The decision to leave the European Union was connected to “resentment” felt by some poorer communities over the North-South divide in the education system, the head of Ofsted has said.
Sir Michael Wilshaw said many people in the more economically deprived areas of England felt “alienated”, including in the classroom where the gap between the North and the South had widened, he said.
Launching his fifth and final annual Ofsted report into education across the country, Sir Michael said the gulf in standards was particularly felt at secondary school level.
In a wide-ranging critique of the education system, he also said a serious knowledge and skills gap is threatening the country’s competitiveness – particularly in the wake of the vote to leave the European Union, where swathes of traditionally Labour areas in the North of England opted out of the bloc.
Launching his report in Westminster, Sir Michael, in his last official public engagement before stepping down as the watchdog’s chief inspector later this month, said: “It feeds into a sense that somehow they’re not getting a fair crack of the whip.
“They sense that somehow their children are not going to get as great a deal as youngsters in London and the South of England.
“If they sense that their children and young people are going to be denied the opportunities that exist elsewhere, that feeds into a general sense that they’re being neglected.
“It wasn’t just about leaving the European Union and immigration, it was that sense of a disconnection with Westminster.
“If they feel that their needs are being ignored, that their children are not getting the sort of education that others in the South are, then they will feel resentful.”
He said regions that are already less prosperous than the South are in danger of adding a learning deficit to their economic one.
He added: “Recent political history shows what can happen when large parts of the population feel alienated because they feel they are not being dealt with fairly.”
His report showed that the proportion of high achievers in the North and the Midlands who go on to score well at GCSE is lower than in the South, while the proportion of secondary schools in the North and Midlands rated good or outstanding had increased by just 3 percentage points since 2011 – well below the national percentage points increase of 13.
And in Liverpool, half of all secondary schools were rated less than good, compared with three in 10 for Manchester, and just one in 10 for inner London.
But the report also identified success.

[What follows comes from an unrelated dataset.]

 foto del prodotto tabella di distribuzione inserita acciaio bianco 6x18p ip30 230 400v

It showed that, for the sixth year in a row, the proportion of good and outstanding nurseries, pre-schools and childminders has risen and stands at 91%.
The proportion of good and outstanding primary schools has also risen from 69% to 90% in five years, while the reading ability of pupils eligible for free school meals at age seven in 2015 was six percentage points closer to the level of their peers than five years ago.

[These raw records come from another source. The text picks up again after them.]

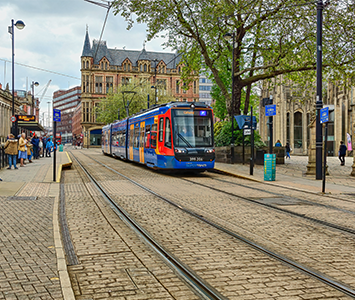The Sheffield Super Tram offering residents ease of access to Sheffield and the wider surrounding areas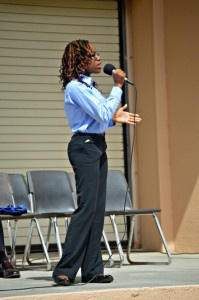 Janelle Royer, vice president of the Student Government Association at UVI.
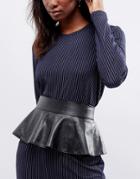 Asos Peplum Belt - Black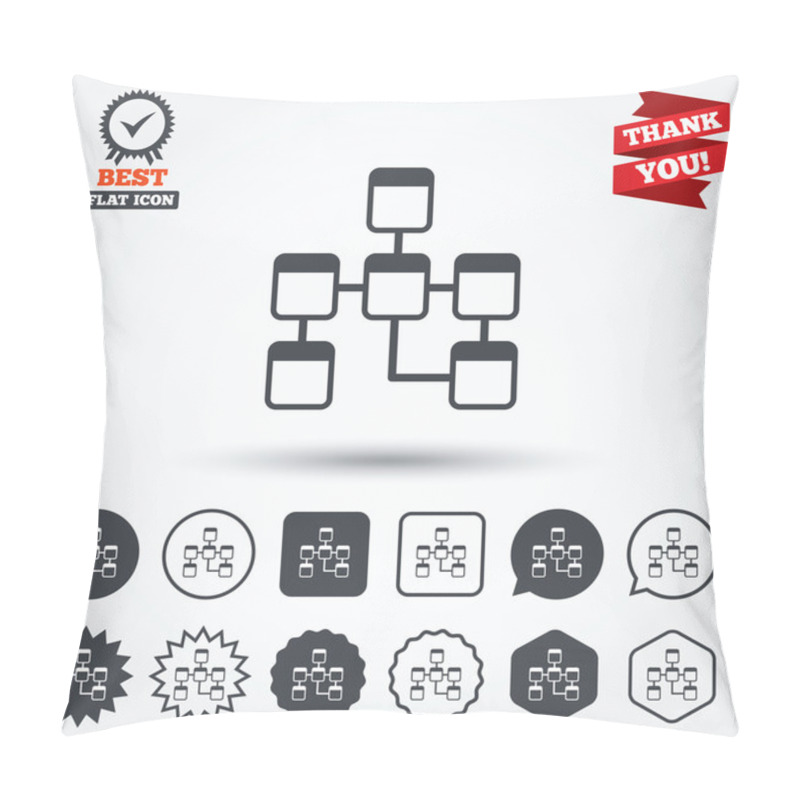 Personality  Database Sign Icons Pillow Covers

There are also 1.8 million more pupils in good or outstanding maintained schools than in 2010.
But while he highlighted significant improvements in the country’s nurseries, pre-schools and primary schools, Sir Michael also identified “unabated” pressures on the supply of secondary school teachers.

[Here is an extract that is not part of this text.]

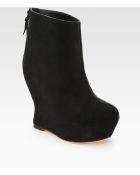 Alice + Olivia Java Suede Wedge Ankle Boots - Lyst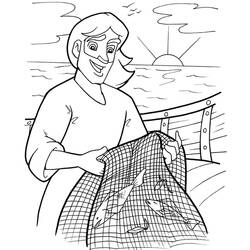 Dibujo para colorear: Pescador (Ocupaciones) #104005 - Dibujos para colorear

In a statement referencing official figures released last week, School Standards Minister Nick Gibb said: “Good and outstanding schools now make up 89% of all schools inspected in England, with the proportion of primary and secondary schools in this category continuing to rise in every region of the country, including in the North and the Midlands.
“We want every child to have access to an excellent education, regardless of their background or where they live.
“We know there is more to do, and that’s precisely why we have set out plans to make more good school places available, to more parents, in more parts of the country – including scrapping the ban on new grammar school places, and harnessing the resources and expertise of universities, independent and faith schools.”